To some experts, all this adds up to nothing less than a profound restructuring of the Japanese economy. It is threatening to undermine many of the cozy arrangements that have allowed Japanese firms to maintain exorbitant domestic prices, and it is speeding the exodus of Japanese manufacturing facilities abroad.

“Basic structural change has occurred that will be very difficult to reverse,” says Tadashi Nakamae, an economic consultant to many of Japan’s largest corporations.

As Japan exposes itself more to the rest of the world, Nakamae notes, some Japanese firms will be forced to cut prices at home because the growing hordes of Japanese consumers traveling abroad can buy them for less elsewhere. Also, he says, a number of Japanese corporations, particularly in the auto and electronics industries, already “have made huge investments overseas that they will have to protect,” even if that means cutting back at home in a future slump.
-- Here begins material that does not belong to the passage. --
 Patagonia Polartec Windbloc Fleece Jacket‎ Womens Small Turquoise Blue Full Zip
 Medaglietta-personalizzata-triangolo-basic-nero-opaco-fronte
Others are not so sure that Japan is ready to abandon its traditional reliance on exports as its ticket to prosperity. Major manufacturers have already adjusted to the reduced profits from exports caused by the yen’s appreciation and are once again boosting their overseas sales. Even with spectacular gains in imports, Japan’s global trade surplus, which fell by $7.7 billion in fiscal 1987 to $94.4 billion, is still expected to remain huge this year.

sh Complaints About Competition Japanese cement producers are already complaining about increased imports from South Korea. Yet domestic cement firms still have 96% of the market.

Steel makers, who last year exported 29% of their production, are grumbling about imports that took 7% of the market here.

Advertisement

Only one Korean car--brought in by a vice president of Mitsubishi Motors--has been sold in Japan. By contrast, South Korea is expected to export about 500,000 vehicles to the United States this year.

And when foreign manufacturers have made big strides in the Japanese market--as in some textile products--Japanese producers have often displayed the same fears about the growing economic clout of Asia’s newly industrialized countries that the United States has frequently demonstrated toward Japan.

‘Pressed in Every Market’

“The Japanese feel pressed in every market as they hear the footsteps of new Asia ‘dragons,’ ” said Kazuo Nukazawa, the top economist at Keidanren, Japan’s powerful big-business federation.

Frightened by a 90% surge in knitwear imports from South Korea this year, for instance, the Japan Knitting Industry Assn. threatened in May to sue the Koreans for dumping products below cost in Japan. A month later the Seoul government, under prodding from Japan’s Ministry of International Trade and Industry, announced that it would start a program of “voluntary export restraints.”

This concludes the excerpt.